Agatha Christie

Agatha Christie [Special]

Eine Wette soll es gewesen sein, so hieß es damals, die Agatha Christie dazu veranlasste, 1916 „The Mysterious Affair at Styles“ (dt. „Das fehlende Glied in der Kette“) zu schreiben. Die Aufgabe: einen Kriminalroman zu verfassen, auf dessen Lösung der Leser nicht kommt, obwohl ihm dieselben Hinweise zur Verfügung stehen wie dem Detektiv der Geschichte. Das mag damals nur ein Marketinggag gewesen sein, klar ist, dass mit diesem Buch eine der größten Schriftstellerkarrieren überhaupt begann. 65 weitere Krimis sollten in den nächsten Jahrzehnten erschienen, dazu 14 Bände mit Kurzgeschichten und diverse Theaterstücke. Und das obwohl die Verlage zunächst kein Interesse an Christies Debüt hatten, erst 1920 durfte das Publikum darüber nachdenken, wer die wohlhabende Emily Inglethorp ermordet hat.

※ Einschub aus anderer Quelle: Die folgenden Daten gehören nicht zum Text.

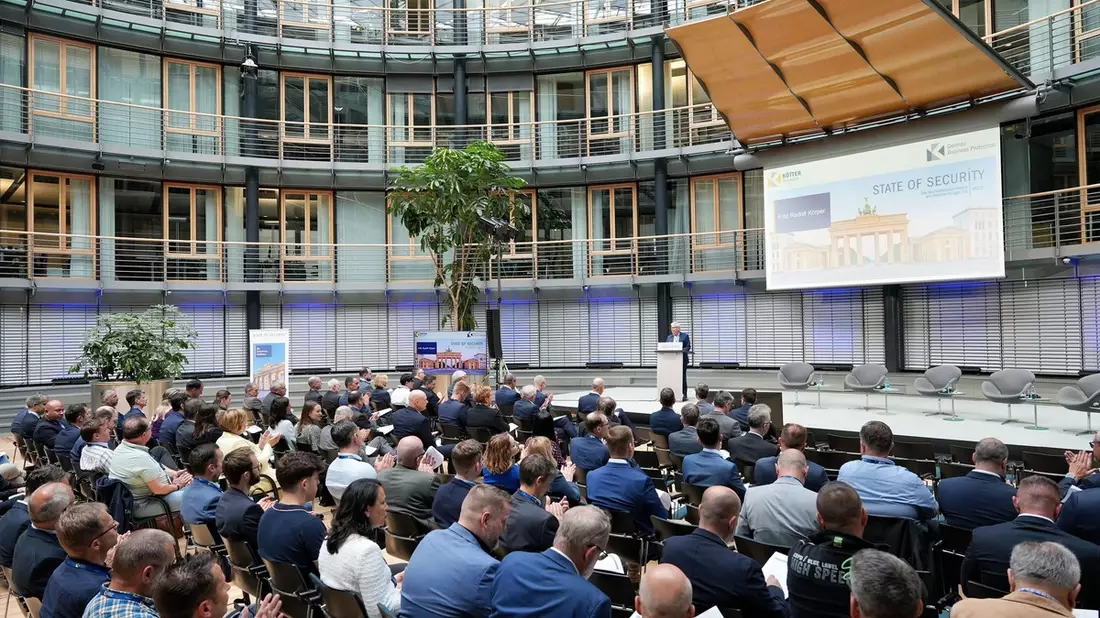 Kritische Infrastrukturen: Jeder KRITIS-Betreiber muss Sicherheit ganzheitlich denken und zur Chefsache machen / KÖTTER Security: Über 100 Teilnehmer bei der Sicherheitskonferenz STATE OF SECURITY - Bild: presseportal.de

Heute ist die anfängliche Ablehnung kaum vorstellbar, die Bücher haben sich mehr als zwei Milliarden Mal verkauft – manche sprechen sogar von 4 Milliarden – Christie steht im Guinness Buch der Rekorde als erfolgreichste Romanautorin aller Zeiten. Dabei sind die meisten ihrer Krimis relativ unspektakulär, tendenziell handlungsarm, enthalten keine großen Verfolgungsjagden oder Schießereien, wie man von anderen Genreschriftstellern kennt. Vielmehr gleichen die Bücher großen Puzzles, die es zu lösen gilt. Vertrackte Rätsel, die von Tatverdächtigen und falschen Hinweisen nur so wimmeln, und mit denen man es sich im Sessel gemütlich macht.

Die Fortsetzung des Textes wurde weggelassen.